From the perspective of visual complexity, the images in the first row contain multiple focal points, such as the arrangement of vehicles, the layered decorations on the cake, and the diagonally extending branches of the plant. This creates a rich and diverse visual experience, which strongly appeals to individuals with high extraversion. In contrast, the images in the second row have lower visual complexity. The scenes appear more orderly and avoid excessive visual noise, such as the more neatly arranged vehicles and the more neatly pruned branches. Individuals with high agreeableness tend to prefer such simpler and more harmonious images, which do not induce excessive emotional stimulation.
Figure 6 presents images generated by our model for individuals with conscientiousness and neuroticism personality traits. It can be observed that the images in the second row exhibit softer colors with lower contrast. This low-stimulation color palette helps reduce tension and creates a more relaxed feeling, particularly through the more natural and comfortable postures of the animals, which aligns with the need of individuals high in neuroticism for gentle, calming visual experiences.
Furthermore, the images in the second row convey a softer overall style. The colors of the cake are slightly muted, and the postures of the horse and dog are more relaxed. Additionally, the background elements, such as the green trees and outdoor setting, evoke a serene, natural atmosphere. This harmonious scene helps to alleviate the heightened sensitivity to external stimuli often experienced by individuals with high neuroticism.
As shown in
Figure 7, the overall performance of our model demonstrates relatively clear differences among the five columns of images representing personalized preferences. This indicates that our model can detect aesthetic differences between various personality traits. In the first row, the base of the clocks shows different hollow carving designs, with the neuroticism clock having a flat bottom, while only the conscientiousness clock features a square outline.
In the second row, the bases of the trees in the extraversion and agreeableness images are relatively larger squares compared to those in other images, and the conscientiousness image contains an additional tree branch compared to the agreeableness image.

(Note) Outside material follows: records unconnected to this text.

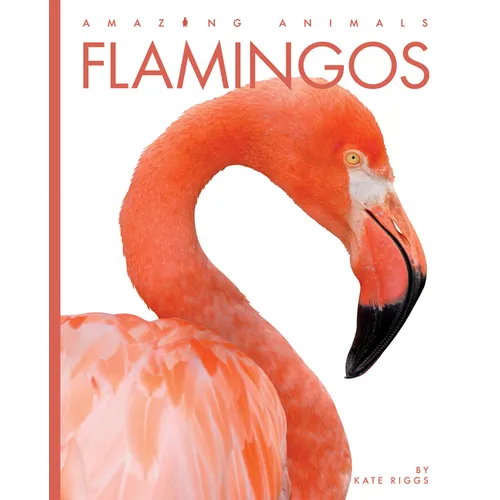Flamingos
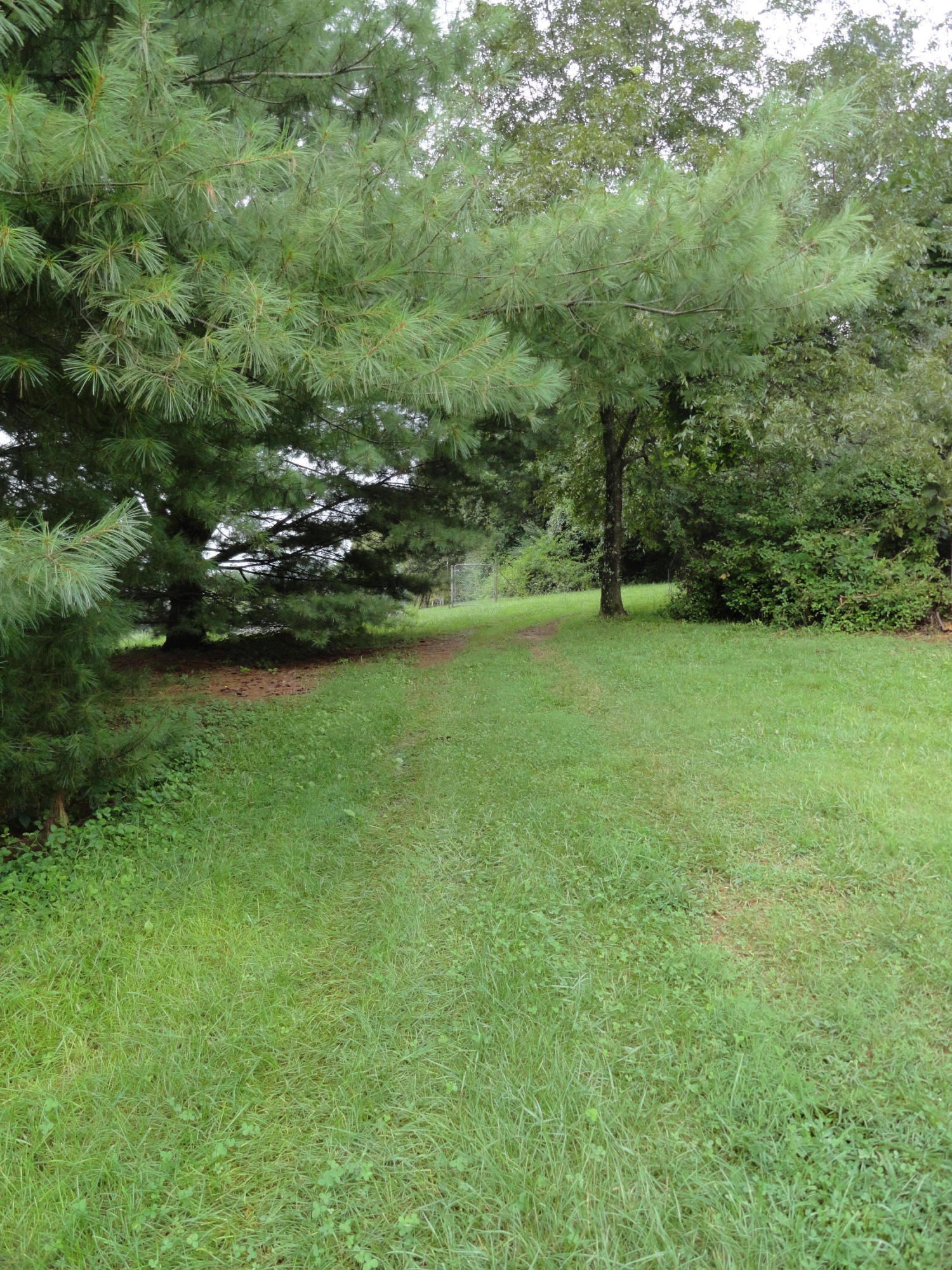 511 Black Oak Road Clinton, TN 37716 - Photo 35 of 38 DSC07347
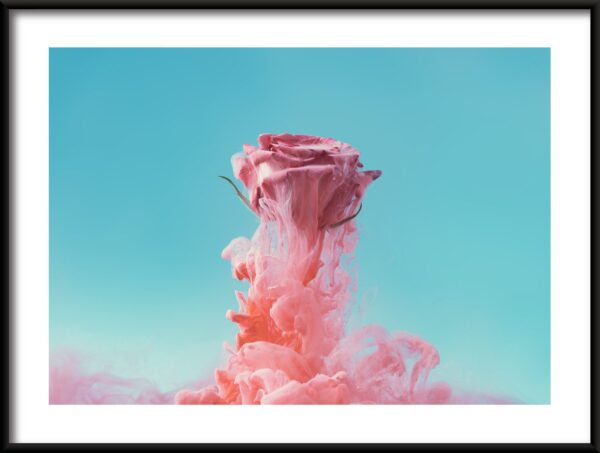 Rose flottante Poster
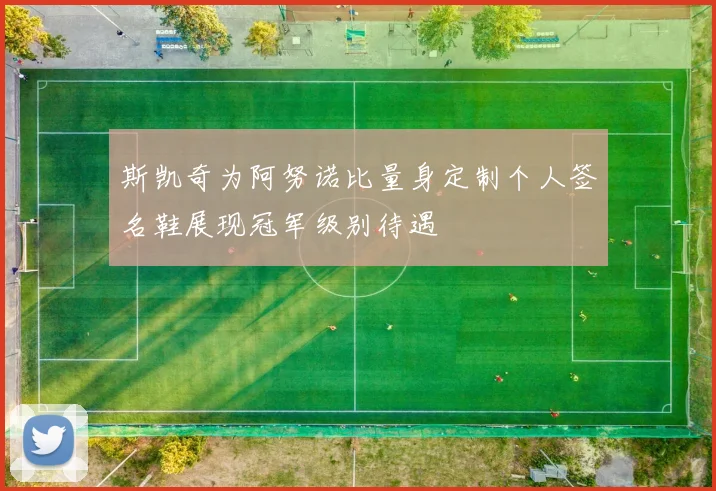斯凯奇为阿努诺比量身定制个人签名鞋展现冠军级别待遇
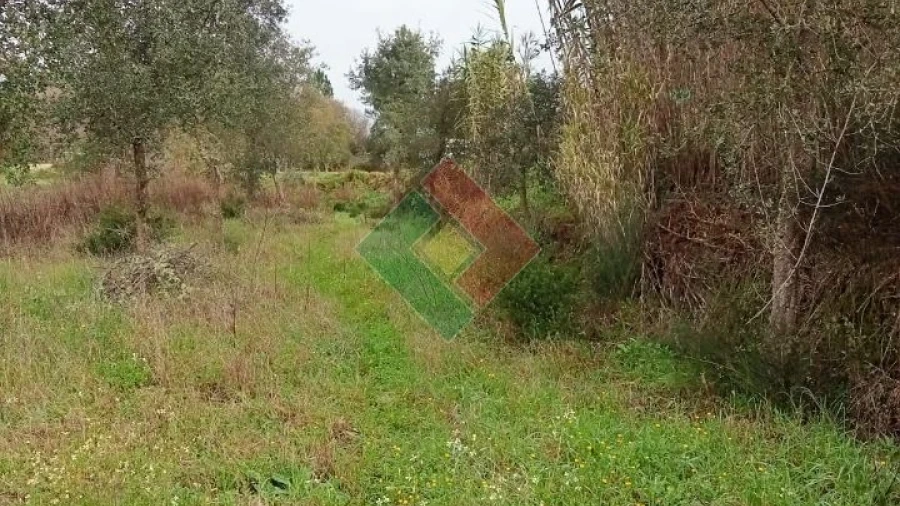 Terreno Agricola ou Rústico para Venda em Longomel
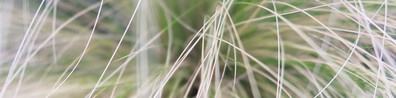 Dried Pampas Grass In White Background - Free LinkedIn Background Photo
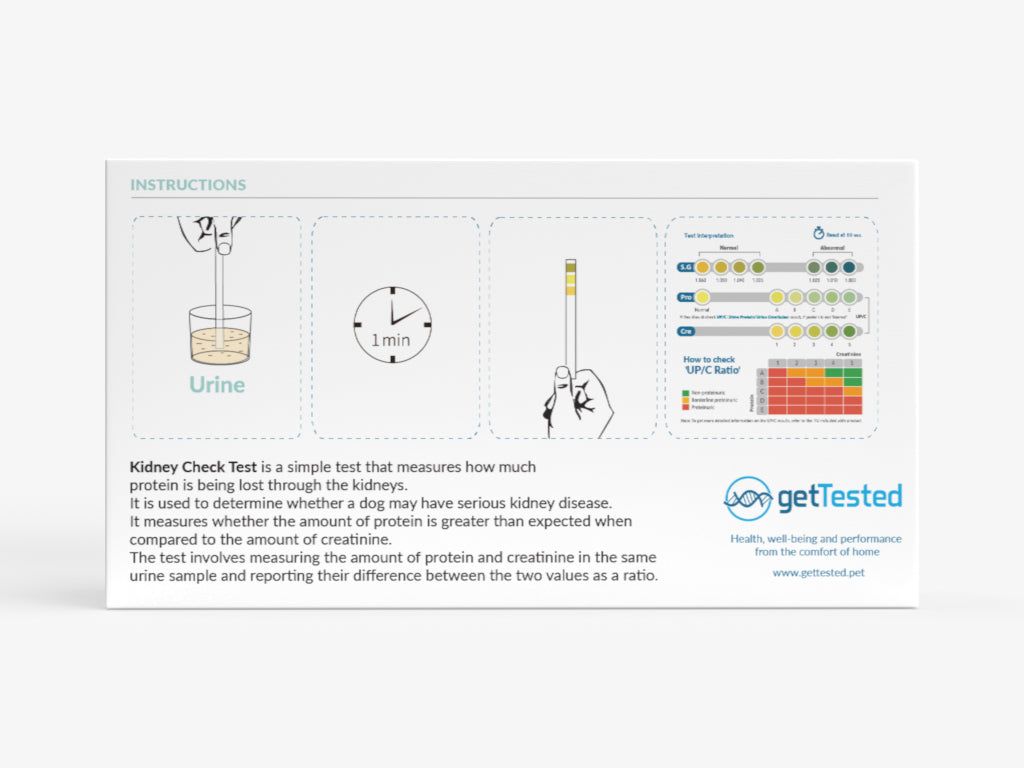 Verpackung mit Illustrationen und Text. Enthält Anweisungen zur Durchführung eines Nierentests für Hunde. Marke: GetTested.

In the third row, only the openness and neuroticism images include half of an apple; notably, only the openness image has a distinct black-and-white background, whereas the other images feature colored backgrounds.
In the final row, it is evident that each plate contains different types of food, with some plates featuring additional yellow fragments, while others have brighter blue patterns. We observed that while there is a certain degree of similarity between images corresponding to different personality traits, subtle differences in detail are still noticeable. Furthermore, when the text length remains constant, the larger the numbers included in the text, the greater the differences between the generated images.
From this, it can be seen that our adapted personalized short-text image generation model not only achieves the effect of reducing abnormal areas in terms of common sense aesthetics but also distinguishes itself in terms of personalized aesthetics while maintaining overall consistency between the text and image.